Monday, July 27, 2009

The Simplicity of the Gospel

I was in a meeting recently where the participants were holding up the ideal of simplicity. Simplicity has its place, though we should be careful not to idolize it above all other virtues. For we read in the scripture:

How long, ye simple ones, will ye love simplicity? and the scorners delight in their scorning, and fools hate knowledge?
(Pro 1:22)

Yet, when it comes to delivering a message to God's people, nothing is better than the simplicity offered in the Gospel. I'm currently reading Charles Spurgeon's Lectures to My Students. I can't get through the chapter on "Sermons - Their Matter" without having to stop and comment.

Consider Spurgeon's thoughts on simplicity and the Gospel.

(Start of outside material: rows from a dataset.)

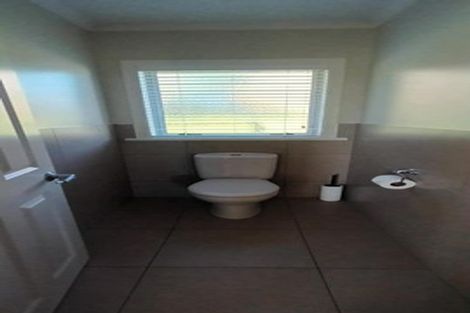 Photo of property in 203 Lake Ferry Road, Martinborough, 5781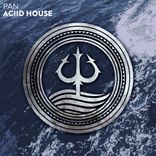 Artwork voor "ACIID HOUSE"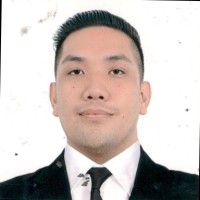 Francis Paredes
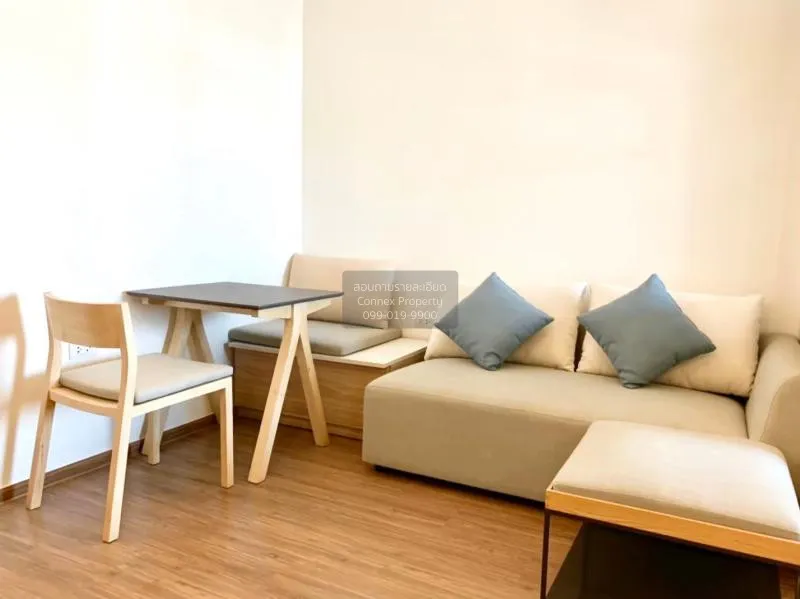 Rental image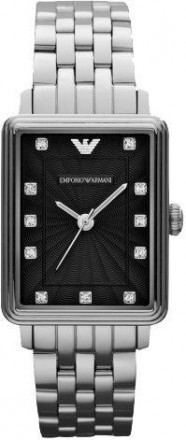 Наручные часы Emporio Armani AR1665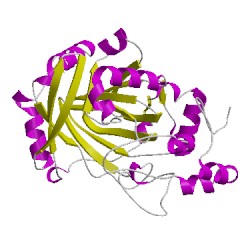 Image of CATH 2ox0B01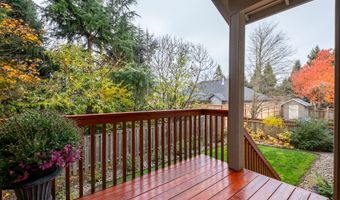 21022 JENNY MARIE Ln, Aurora, OR 97002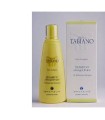 AQUA TABIANO SHAMPOO SEBOEQUILIBRANTE 200 ML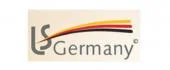 LS GERMANY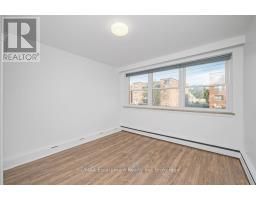 201 - 9 GRANT BOULEVARD - 20
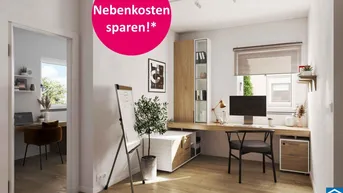 Expose Zeitgemäßes Wohnen mit großzügigen Terrassen und Gartenflächen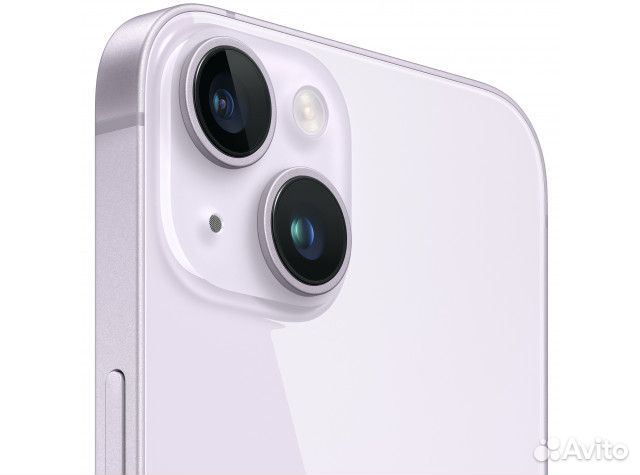 iPhone 14, 256 ГБ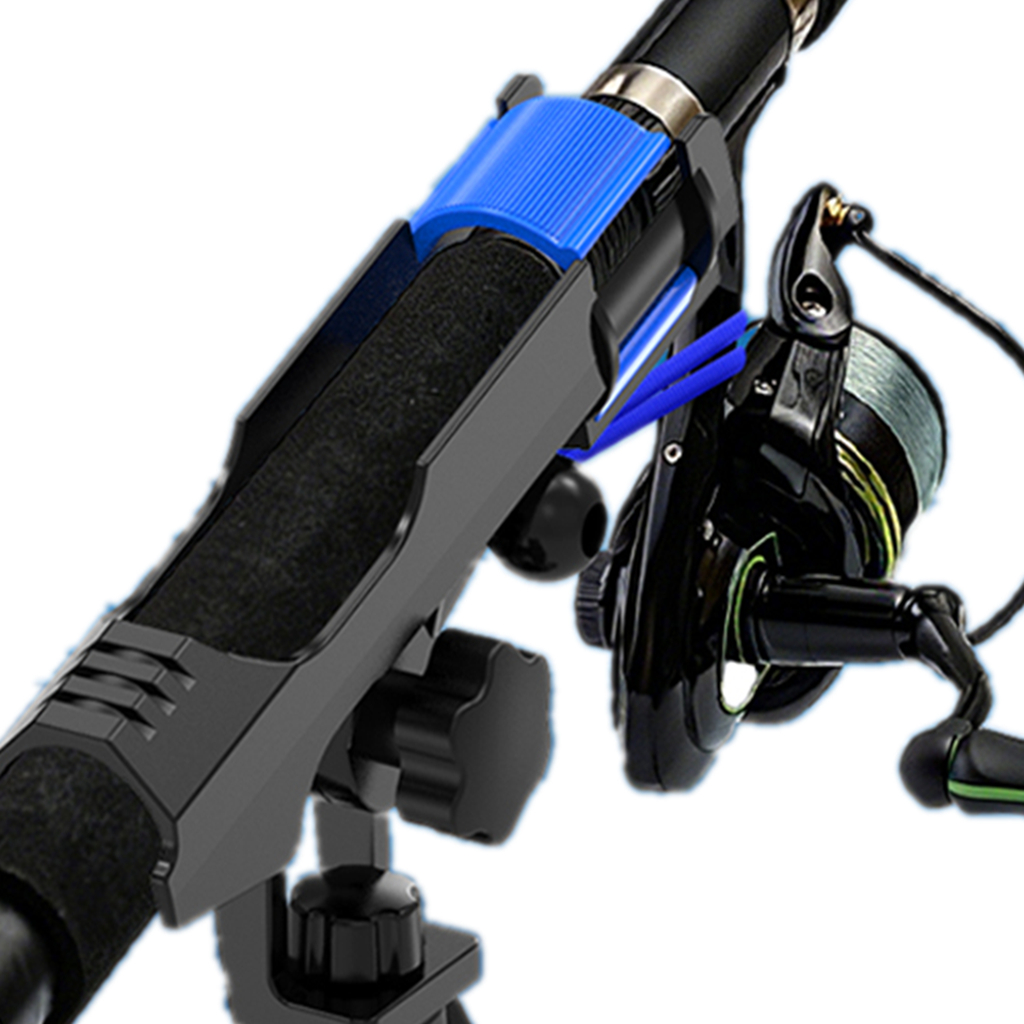 Support de canne à pêche pour  - Fishing Kayak Rod Holder avis et prix
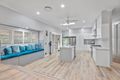 Property photo of 2 Camelot Drive Cranebrook NSW 2749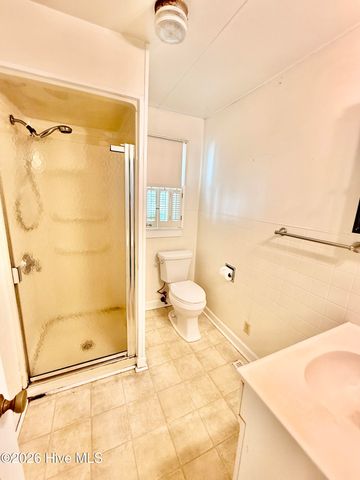 4146 East Pine Street, Farmville, NC 27828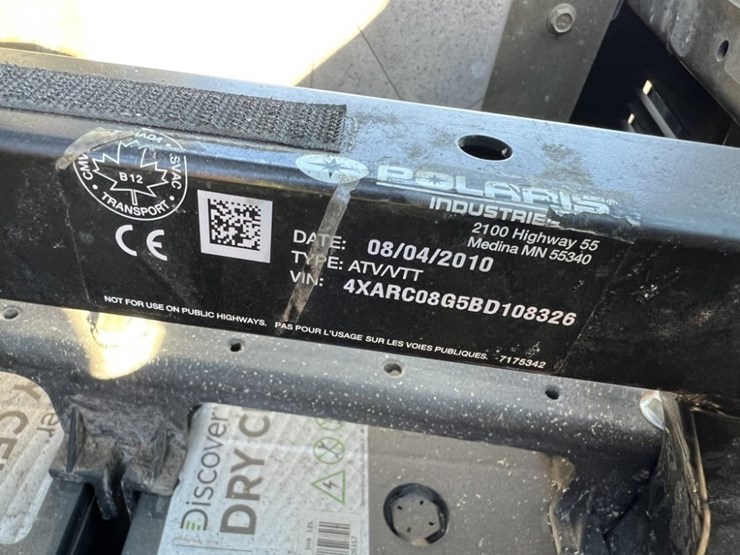 2011-polaris-ranger-ev-image-16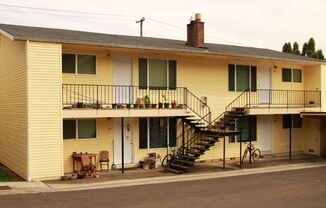 2 beds, 1 bath, $1,195, Unit 2281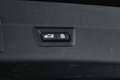 BMW 218 d Gran Tourer Autom AHV NAVI LED PANO LEDER Schwarz - thumbnail 25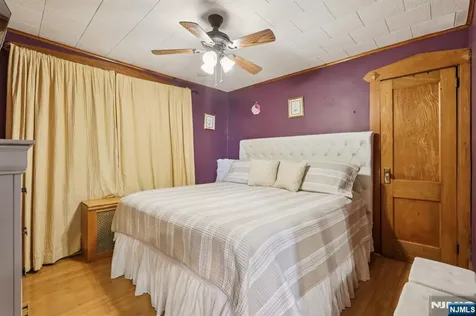 169 6th Street Clifton NJ 07011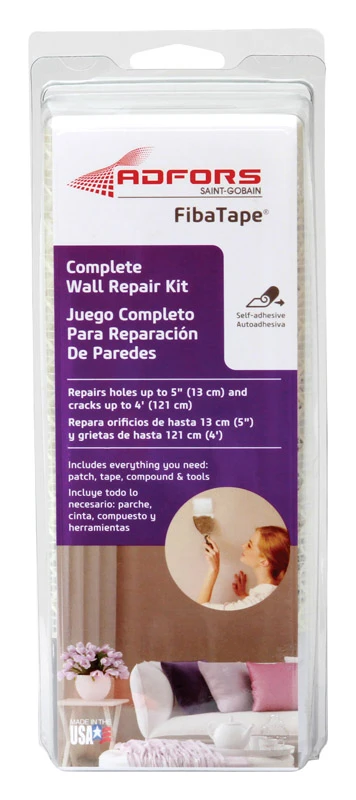 celebrationhardware4107791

We must throw all our strength of judgment, memory, imagination, and eloquence into the delivery of the gospel; and not give to the preaching of the cross our random thoughts while wayside topics engross our deeper meditations. Depend upon it, if we brought the intellect of a Locke or a Newton, and the eloquence of a Cicero, to bear upon the simple doctrine of 'believe and live,' we should find no surplus strength. Brethern, first and above all things, keep to plain evangelical doctrines: whatever else you do or do not preach, be sure incessantly to bring forth the soul-saving truth of Christ and him crucified.